Eisenhower Middle School in Oregon has a big 50th anniversary coming up, and a member of the Eisenhower family is scheduled to be the keynote speaker.
Merrill Eisenhower Atwater is the great-grandson of Dwight D. Eisenhower, the school’s namesake, who was the 34th U.S. president and before that the five-star general who served as Supreme Allied Commander in Europe during World War II.
Mr. Atwater will be part of an April 12 celebration that includes the dedication of a time capsule that will be buried for 25 years in the school’s front yard. The event begins at noon, and the public is invited.
“We are just thrilled and honored to have Mr. Atwater come to Oregon to speak to our students about the history of the Eisenhower name on this monumental occasion,” Principal Rebecca Bihn said. “It should be an unforgettable afternoon, one that our students will not forget and will someday tell their children about.”
Mr. Atwater won’t be the first Eisenhower to visit. For its 25th anniversary celebration in 1988, David Eisenhower and his wife, Julie Nixon Eisenhower, visited. Amy Hansen, a school mother and chairman of the anniversary committee, said they were unavailable to return this year. David Eisenhower is the grandson of the late president; his wife is the daughter of former President Richard Nixon.
Mr. Atwater, 32, said he is honored to be the speaker. He lives in the Kansas City area and works in the sustainable-fuel industry. Even though he never knew his great-grandfather, he said, he knows a great deal about him, as a student of history and through family lore.
He even refers to his great-grandfather as “Ike,” using the two-term president’s boyhood nickname that stayed with him all his life. Mr. Atwater’s mother is Mary Jean Eisenhower, the president’s granddaughter. She was born in Washington during Mr. Eisenhower’s first term and christened in the Blue Room of the White House.
He said his address would include details about his great-grandfather’s presidency, which spanned 1953 to 1961.
“When Ike was president, we were just getting out of the industrial revolution and entering the technology revolution, which we are now in,” he said. “When Ike was born there was the horse and buggy. He was the first president to fly in a helicopter and go in a nuclear submarine. Ike started NASA. He supported and signed the highway bill that established our Interstate Highway System.”

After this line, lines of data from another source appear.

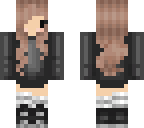 chibi edit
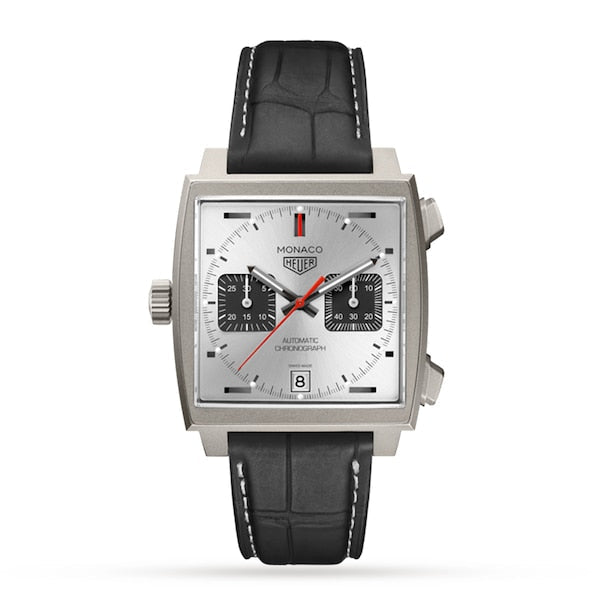 tag-heuer-monaco-39mm-mens-watch
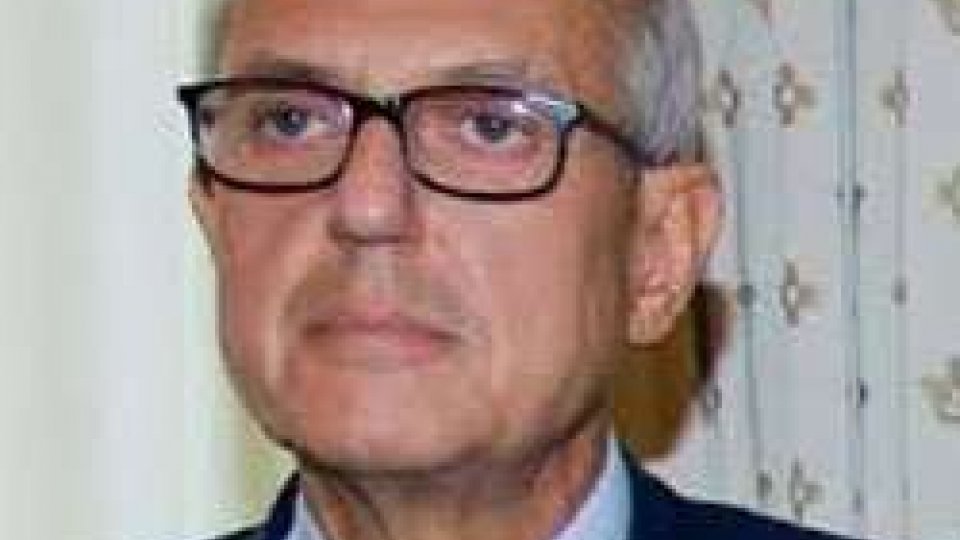 Dimissioni Marino: il prefetto di Milano Francesco Paolo Tronca nuovo commissario dei Roma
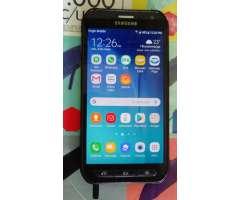 Samsung Galaxy S6 Active Vendo o Cambio &#x28;Leer descripción&#x29;
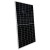 Leapton LP182-M-72-MH - 550W Srebrna Rama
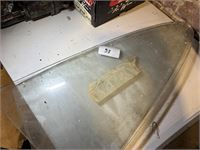 Achterste Zijruiten 911 – foto 2 – kavel bij Hammertime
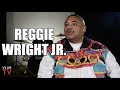 Reggie Wright Jr: I Believe Poochie (Wardell Fouse) of the Bloods Killed Biggie (Part 15)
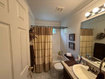 Photo 4 for 6685 W Feulner Ct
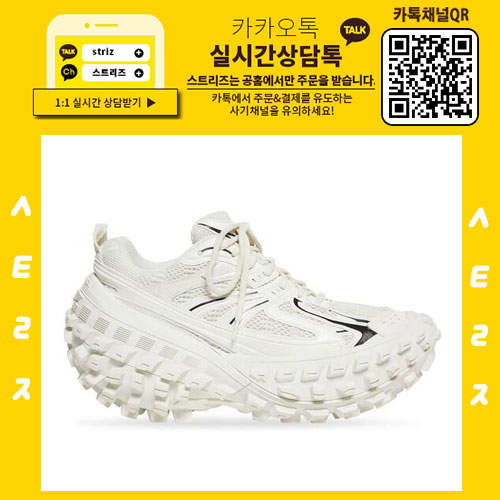 99a2c32b78668cf61afb23fd83b1ef91_1662532151_2236.jpg 99a2c32b78668cf61afb23fd83b1ef91_1662532151_2236_1693234554.jpg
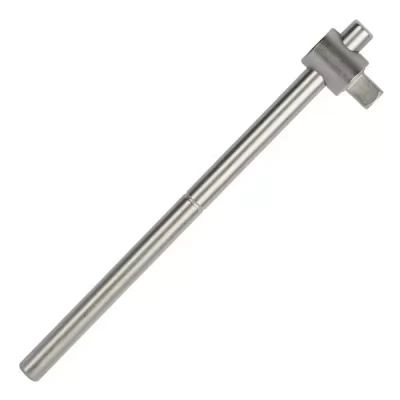 antrenor-250mm-12quot-tip-quottquot-cu-parghie-glisanta-cr-v-thumb-3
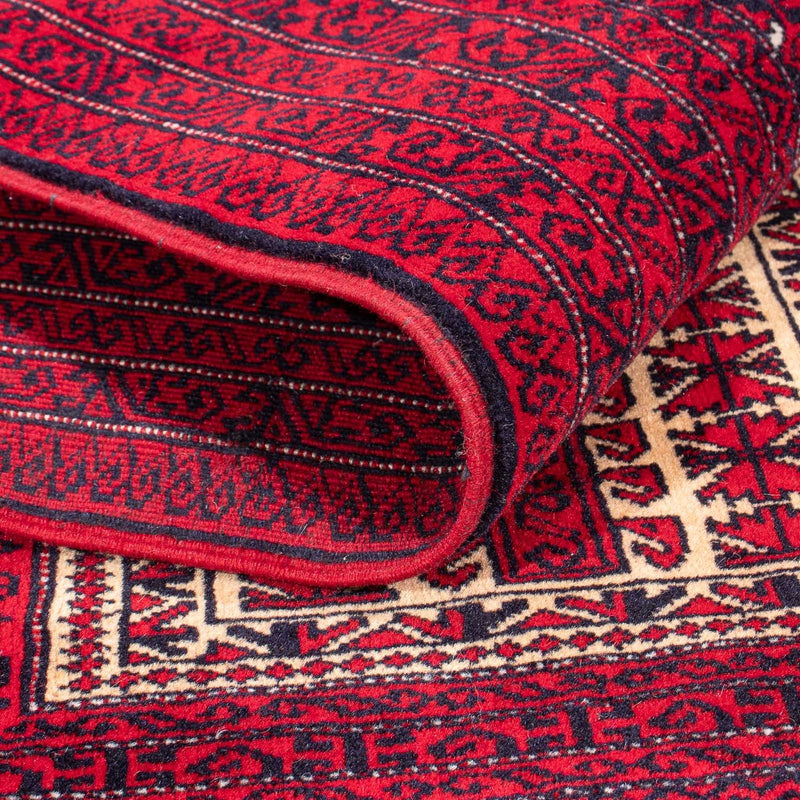 Balutsj-teppe 149x98cm - Orientalsk teppe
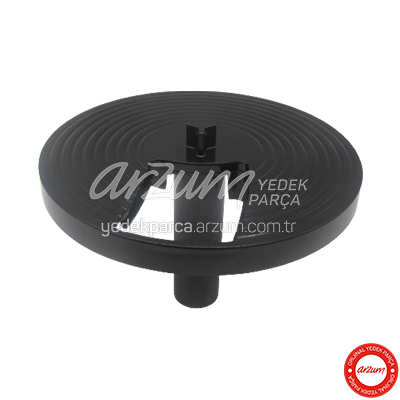Starblend Grater Carrier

Eisenhower Middle school, originally a junior high, was renamed after a grade reconfiguration in 1988. Next year, after another reconfiguration, the building will become Eisenhower Intermediate School and house fifth and sixth graders. Ms. Bihn will be transferred to what is now Fassett Middle School but next year will be the Oregon district’s junior high. Only a secretary and four teachers will remain at Eisenhower.
Ms. Bihn said the changes make the 50th anniversary celebration all the more important. She said the students have written essays and had photos taken for the occasion.
“It really means a lot,” she said. “This is an emotional time for us.”